Roy wears stripes now on the ice

Posted May 04, 2010, at 10:40 p.m.
Last modified Sept. 03, 2010, at 2:19 p.m.

Boston University coach Jack Parker noticed the name on the line chart and wondered if the Jean-Yves Roy listed as a linesman was the same one who was a three-time All-American at the University of Maine.

“It was funny. Between periods, I skated toward the BU bench. He told me he saw my name and wasn’t sure if it was me. Then, after watching me skate, he said he knew it was me,” chuckled Roy.

If you’re a University of Maine hockey fan, you won’t see Roy working Black Bear games. The league has a rule against referees or linesmen working their alma mater’s games, according to Roy.

But you will see him working the lines for games involving other Hockey East teams and he would like to get the opportunity to referee.

“It’s all up to Dick DeCaprio,” said Roy, referring to the Hockey East supervisor of officials.

He is already refereeing games in a variety of other leagues like the ECAC, Atlantic Hockey and the Eastern Junior Hockey League. In fact, he either referees or serves as a linesman two or three times a week during the season.
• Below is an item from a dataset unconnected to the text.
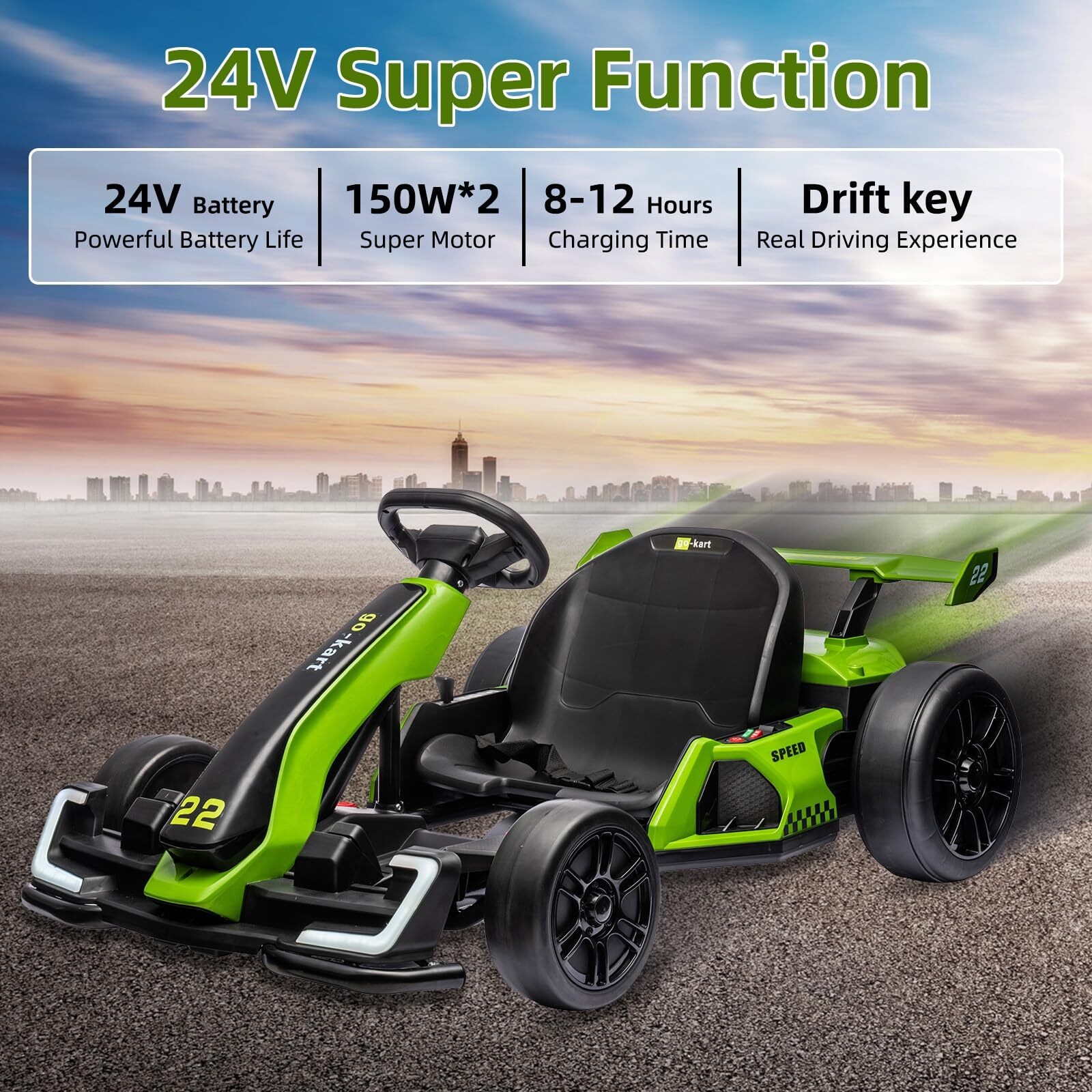 24V 7.5 Mph Electric Go Kart with 300W Strong Motor, Drift/Sport Mode for Kids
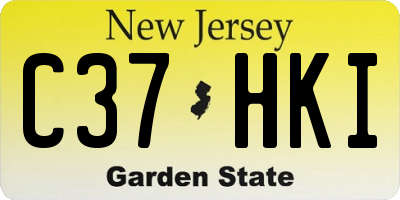 NJ license plate C37HKI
So what kind of referee is the 41-year-old Roy?

“I’m more of an old school guy. I let the guys dictate how the game is going to be called. I’ll give them the benefit of the doubt at first. If they play clean, I’ll call it that way and let them play. If they act up, I’ll tighten up the screws and won’t let anything get by,” said Roy.

Roy began officiating when he was 16 back home in Rosemere, Quebec.

When he came to Maine, he put the whistle away. He signed with the New York Rangers after three seasons at Maine in which he amassed 108 goals and 95 assists. He still holds the career goal-scoring record.

A 14-year pro career took him all over North America and Europe. He wound up playing in 61 NHL games and had 12 goals and 16 assists.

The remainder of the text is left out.